カエデノオト

カエデのある家の住人のノート

クウネルvol.54「わたしの仕事場。」

ひとの家、部屋、バッグ、財布、そのあたりには常に興味があります。
だからこの号はかなり好み。
特に、石黒智子さんの2ページはこれまで見たことのないアングルの写真で「わー」と思ったなー。
ドレスデザイナーさんの仕事場の、過去のトワル(=仮縫いの洋服なんだって)をカーテンの並べてかけているところが、とってもすてきだった。
「ミナ ペルホネン」で働く人びと。もひとりずつ興味深く読んだ。こういう思いで働く先を選ぶ人もいるのだなぁと。学生のときの私の就職先の選び方って、安定感とか安心感とか報酬とか、まずはそこだったように思う。もちろん自分の適性とかやりたいこと、ていうのも考えたけれど、それよりも前者のほうが重要だと思っていた。

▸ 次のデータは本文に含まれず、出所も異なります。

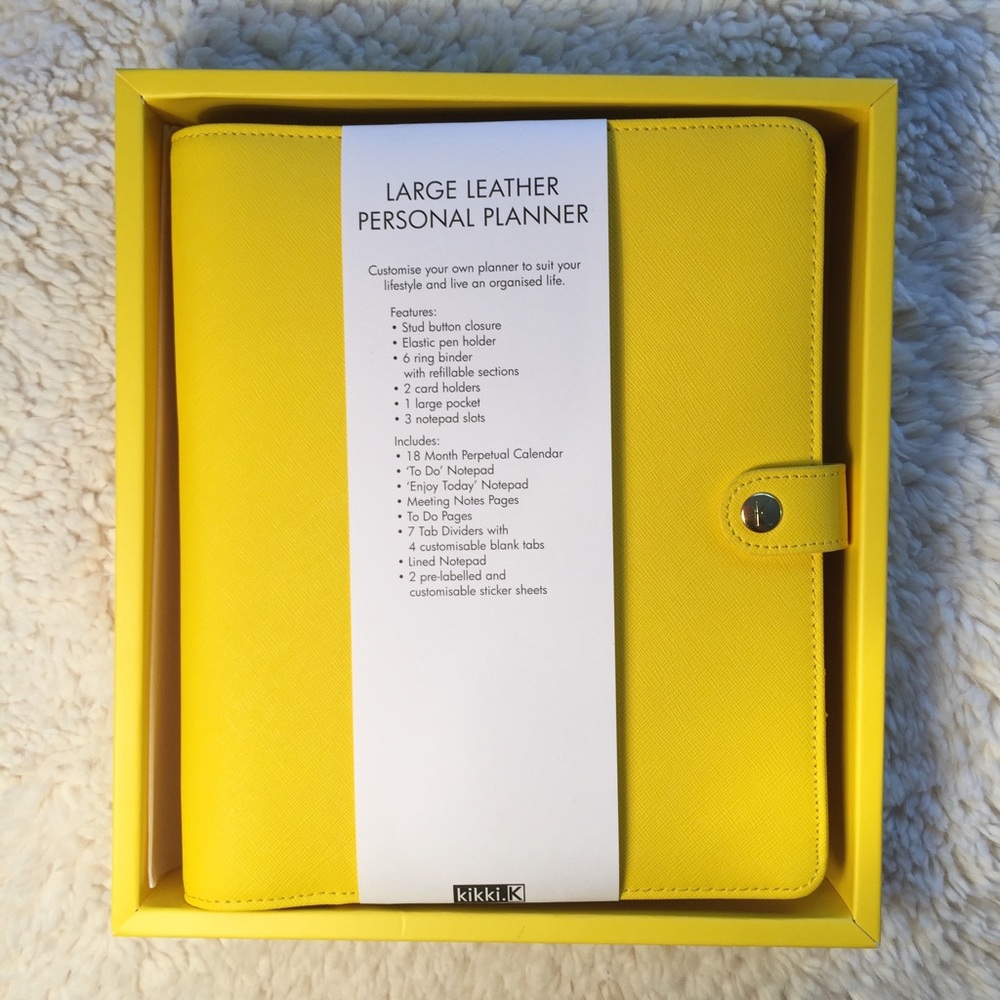 Large A5 Textured Leather Planner Kikki K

社会に出てから気付いたんだよね、安定感とか安心感とか報酬とかそういうものはとても揺らぎやすいのだって。たとえ揺らいでも私はここにいてこれをやりたいのだという、強い思いを持てるような場所を探すべきだったのかなぁとか思う。
街のアニキ、もかっこよかった。
若者よ、顔で語れ。もかっこよかった。
たすける手、ささえる手。もかっこよかった。
あ、特集タイトルの「仕事場」って、空間のことだけじゃなかったんだ。
アラジンのステンレスボトル/タンブラーはニュータイプ?やっぱりかわいいなぁ。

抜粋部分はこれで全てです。